ATTORNEY GENERAL RENO: What we have proposed and what Senator Hatch and Congressman Hyde have accepted, as a response to their request for the report, is that when I complete the review, depending on what my decisions are, that I brief them as, again, I may, depending on what happens, trigger the Independent Counsel Act; I may not. I do not know. I am trying to keep an open mind and explore all the issues.

And if it is appropriate, if I have not triggered the Act, then what I would propose to do is to continue the investigation, and brief the Chairman and the ranking member, in a confidential briefing, on all aspects of the investigation that did not -- and the parts of the report -- that did not impact on the pending investigation or contain 6(e) material.

QUESTION: Yes, ma'am, but with regard to the 3 weeks. Those 3 weeks now are for your people to -- (off microphone) -- the LaBella report; are you up to speed, ready to make your -- have your input into this at this time?

ATTORNEY GENERAL RENO: What I explained just a moment ago was that we have a process that we usually try to follow. For example, the Solicitor General, when he makes a decision as to what position the government will take, will hear from the various components who have had an interest in the particular issue or who want to offer their opinions. They will prepare memoranda and cite cases. And often then, if there is not a consensus reached, there will be further discussions. And that is what I would anticipate.

QUESTION: It is the process that needs 3 more weeks; is that correct?

ATTORNEY GENERAL RENO: That would be a good way to describe it.

QUESTION: (Off microphone) -- explain at all in public why you are not seeking an independent counsel -- (off microphone)? And with such a drumbeat and -- (off microphone) -- on the Hill, don't you think that this is really debilitating --

ATTORNEY GENERAL RENO: Are you being a drumbeat?


QUESTION: But don't you think this is really debilitating to the public's perception of the Department of Justice?

ATTORNEY GENERAL RENO: I think the public understands what we are trying to do. And I am going to continue to do everything I can to make sure that I call it like I see it, that I do not give in to the drumbeat, whether it be from the press or from the Hill, that I do it the right way. And sometimes it is hard, but you wake up the next morning feeling better about yourself.
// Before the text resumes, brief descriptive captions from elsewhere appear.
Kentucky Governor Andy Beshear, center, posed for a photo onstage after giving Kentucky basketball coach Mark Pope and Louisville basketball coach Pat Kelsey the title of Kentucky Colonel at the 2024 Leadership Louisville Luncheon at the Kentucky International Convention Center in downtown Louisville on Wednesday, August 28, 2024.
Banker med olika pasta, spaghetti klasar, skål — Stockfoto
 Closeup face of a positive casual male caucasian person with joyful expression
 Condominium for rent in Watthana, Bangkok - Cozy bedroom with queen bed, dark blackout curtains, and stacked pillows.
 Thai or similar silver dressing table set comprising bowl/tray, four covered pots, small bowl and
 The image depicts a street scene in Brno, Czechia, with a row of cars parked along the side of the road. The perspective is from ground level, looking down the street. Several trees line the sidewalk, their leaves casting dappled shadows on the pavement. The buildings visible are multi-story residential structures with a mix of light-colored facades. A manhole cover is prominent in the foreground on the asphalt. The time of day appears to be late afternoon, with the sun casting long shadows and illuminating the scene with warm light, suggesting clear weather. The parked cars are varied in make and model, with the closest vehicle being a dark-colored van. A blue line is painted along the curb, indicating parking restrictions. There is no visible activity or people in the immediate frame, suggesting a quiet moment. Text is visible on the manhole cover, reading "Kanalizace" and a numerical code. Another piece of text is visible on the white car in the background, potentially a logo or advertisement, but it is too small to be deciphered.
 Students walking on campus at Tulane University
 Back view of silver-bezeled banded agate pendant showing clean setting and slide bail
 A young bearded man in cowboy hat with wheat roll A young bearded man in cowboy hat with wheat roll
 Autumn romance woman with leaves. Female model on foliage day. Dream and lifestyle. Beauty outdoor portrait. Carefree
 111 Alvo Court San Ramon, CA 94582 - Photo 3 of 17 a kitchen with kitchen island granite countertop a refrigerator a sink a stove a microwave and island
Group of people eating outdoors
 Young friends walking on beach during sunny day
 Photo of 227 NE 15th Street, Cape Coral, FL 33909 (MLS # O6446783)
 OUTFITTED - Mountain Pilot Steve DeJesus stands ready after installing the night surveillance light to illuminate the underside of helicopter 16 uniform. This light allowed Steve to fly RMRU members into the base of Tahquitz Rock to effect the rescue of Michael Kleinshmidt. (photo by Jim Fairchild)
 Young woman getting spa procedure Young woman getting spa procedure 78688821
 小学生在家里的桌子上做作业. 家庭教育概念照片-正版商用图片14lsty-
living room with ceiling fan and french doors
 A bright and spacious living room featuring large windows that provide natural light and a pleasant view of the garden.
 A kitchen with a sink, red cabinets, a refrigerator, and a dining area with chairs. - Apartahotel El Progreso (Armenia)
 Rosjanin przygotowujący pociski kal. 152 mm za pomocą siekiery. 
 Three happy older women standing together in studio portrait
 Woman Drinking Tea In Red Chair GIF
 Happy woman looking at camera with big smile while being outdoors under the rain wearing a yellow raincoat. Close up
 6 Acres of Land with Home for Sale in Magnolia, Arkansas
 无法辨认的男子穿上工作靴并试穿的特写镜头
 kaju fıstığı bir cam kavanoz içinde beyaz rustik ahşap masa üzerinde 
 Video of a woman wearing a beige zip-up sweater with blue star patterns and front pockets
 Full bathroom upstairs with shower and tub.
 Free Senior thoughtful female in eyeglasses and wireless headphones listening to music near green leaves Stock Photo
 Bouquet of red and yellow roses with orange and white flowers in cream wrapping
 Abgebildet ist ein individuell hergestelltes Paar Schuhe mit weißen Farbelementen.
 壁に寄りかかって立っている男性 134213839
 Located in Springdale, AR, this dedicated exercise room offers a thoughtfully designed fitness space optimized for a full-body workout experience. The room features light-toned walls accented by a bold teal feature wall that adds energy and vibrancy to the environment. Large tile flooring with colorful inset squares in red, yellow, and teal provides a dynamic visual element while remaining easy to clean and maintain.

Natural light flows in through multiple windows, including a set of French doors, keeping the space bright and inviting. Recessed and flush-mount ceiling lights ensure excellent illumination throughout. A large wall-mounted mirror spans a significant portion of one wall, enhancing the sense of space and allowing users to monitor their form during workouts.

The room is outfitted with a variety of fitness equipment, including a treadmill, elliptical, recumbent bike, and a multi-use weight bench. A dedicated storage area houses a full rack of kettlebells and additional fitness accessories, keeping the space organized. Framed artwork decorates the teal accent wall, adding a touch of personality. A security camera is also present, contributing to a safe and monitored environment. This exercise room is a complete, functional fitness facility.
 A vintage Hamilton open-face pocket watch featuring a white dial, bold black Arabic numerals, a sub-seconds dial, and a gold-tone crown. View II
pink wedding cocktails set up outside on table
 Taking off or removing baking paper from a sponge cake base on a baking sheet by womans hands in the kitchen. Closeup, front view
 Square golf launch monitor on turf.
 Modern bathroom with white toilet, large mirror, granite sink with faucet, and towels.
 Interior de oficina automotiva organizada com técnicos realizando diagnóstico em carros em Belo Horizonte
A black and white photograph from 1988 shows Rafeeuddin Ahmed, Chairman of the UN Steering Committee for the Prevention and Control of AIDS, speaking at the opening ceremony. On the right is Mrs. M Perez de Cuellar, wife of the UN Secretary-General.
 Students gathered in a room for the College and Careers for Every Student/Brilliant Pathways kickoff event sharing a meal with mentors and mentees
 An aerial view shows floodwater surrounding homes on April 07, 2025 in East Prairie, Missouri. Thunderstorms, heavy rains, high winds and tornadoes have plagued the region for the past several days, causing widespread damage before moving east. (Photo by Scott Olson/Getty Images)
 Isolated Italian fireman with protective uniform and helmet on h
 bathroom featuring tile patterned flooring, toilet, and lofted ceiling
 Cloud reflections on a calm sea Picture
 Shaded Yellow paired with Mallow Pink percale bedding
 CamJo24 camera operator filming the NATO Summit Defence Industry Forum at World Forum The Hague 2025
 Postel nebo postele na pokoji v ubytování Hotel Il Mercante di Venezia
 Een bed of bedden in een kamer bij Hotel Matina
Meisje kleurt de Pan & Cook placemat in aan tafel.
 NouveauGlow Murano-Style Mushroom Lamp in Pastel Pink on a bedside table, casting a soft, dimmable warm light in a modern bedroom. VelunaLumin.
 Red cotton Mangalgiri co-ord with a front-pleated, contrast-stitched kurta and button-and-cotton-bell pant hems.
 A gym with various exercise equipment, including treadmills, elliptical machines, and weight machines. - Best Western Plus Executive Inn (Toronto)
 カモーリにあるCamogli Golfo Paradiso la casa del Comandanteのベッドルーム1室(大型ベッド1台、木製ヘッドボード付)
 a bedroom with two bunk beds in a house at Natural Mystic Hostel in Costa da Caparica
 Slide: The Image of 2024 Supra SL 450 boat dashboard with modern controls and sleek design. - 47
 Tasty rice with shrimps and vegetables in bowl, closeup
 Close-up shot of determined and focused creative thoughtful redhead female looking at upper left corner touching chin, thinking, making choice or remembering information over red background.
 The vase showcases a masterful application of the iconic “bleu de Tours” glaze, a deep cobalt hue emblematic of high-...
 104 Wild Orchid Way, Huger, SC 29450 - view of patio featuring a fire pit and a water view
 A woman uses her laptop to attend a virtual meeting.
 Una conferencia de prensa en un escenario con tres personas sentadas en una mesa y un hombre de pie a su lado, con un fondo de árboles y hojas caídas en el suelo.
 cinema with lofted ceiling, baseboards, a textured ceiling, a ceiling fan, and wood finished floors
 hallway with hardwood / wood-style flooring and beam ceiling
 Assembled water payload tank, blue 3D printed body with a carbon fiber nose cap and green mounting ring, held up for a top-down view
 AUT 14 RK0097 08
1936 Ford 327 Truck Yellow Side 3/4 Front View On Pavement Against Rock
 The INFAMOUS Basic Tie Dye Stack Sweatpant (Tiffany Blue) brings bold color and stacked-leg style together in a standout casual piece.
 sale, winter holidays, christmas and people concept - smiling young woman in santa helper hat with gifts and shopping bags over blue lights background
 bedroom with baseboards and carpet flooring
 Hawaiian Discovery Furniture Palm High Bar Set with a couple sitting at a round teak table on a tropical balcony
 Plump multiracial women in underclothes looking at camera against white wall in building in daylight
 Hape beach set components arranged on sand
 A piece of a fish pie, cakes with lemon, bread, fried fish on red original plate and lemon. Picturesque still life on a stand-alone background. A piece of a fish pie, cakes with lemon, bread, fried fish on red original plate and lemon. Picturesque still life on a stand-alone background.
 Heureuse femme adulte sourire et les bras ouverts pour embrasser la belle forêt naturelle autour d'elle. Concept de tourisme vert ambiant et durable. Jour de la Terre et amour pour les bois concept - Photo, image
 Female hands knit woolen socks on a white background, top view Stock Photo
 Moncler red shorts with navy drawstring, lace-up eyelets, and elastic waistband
QUESTION: You said that you spoke to Congressman Hyde and Senator Hatch, and that you had reached some kind of accommodation with them. Did they give you their reaction to Congressman Burton levelling a threat to give you a contempt citation -- (off microphone) -- or do you think you might get some support from them?

ATTORNEY GENERAL RENO: I did not want to do anything. I think they would have their own conversations.

QUESTION: Did you personally speak with Mr. Burton this morning? And if you did, what was his excuse for refusing to let you come and talk to him?

ATTORNEY GENERAL RENO: He said no, he would not, and that he would be happy to let me come at some other time.

QUESTION: (Off microphone) -- there are situations where you have to -- (off microphone) -- appointment of an independent counsel where the law does not require you to do so?

ATTORNEY GENERAL RENO: The statute provides for it.

Thank you very much.

(Whereupon, at 2:50 p.m., the press conference concluded.)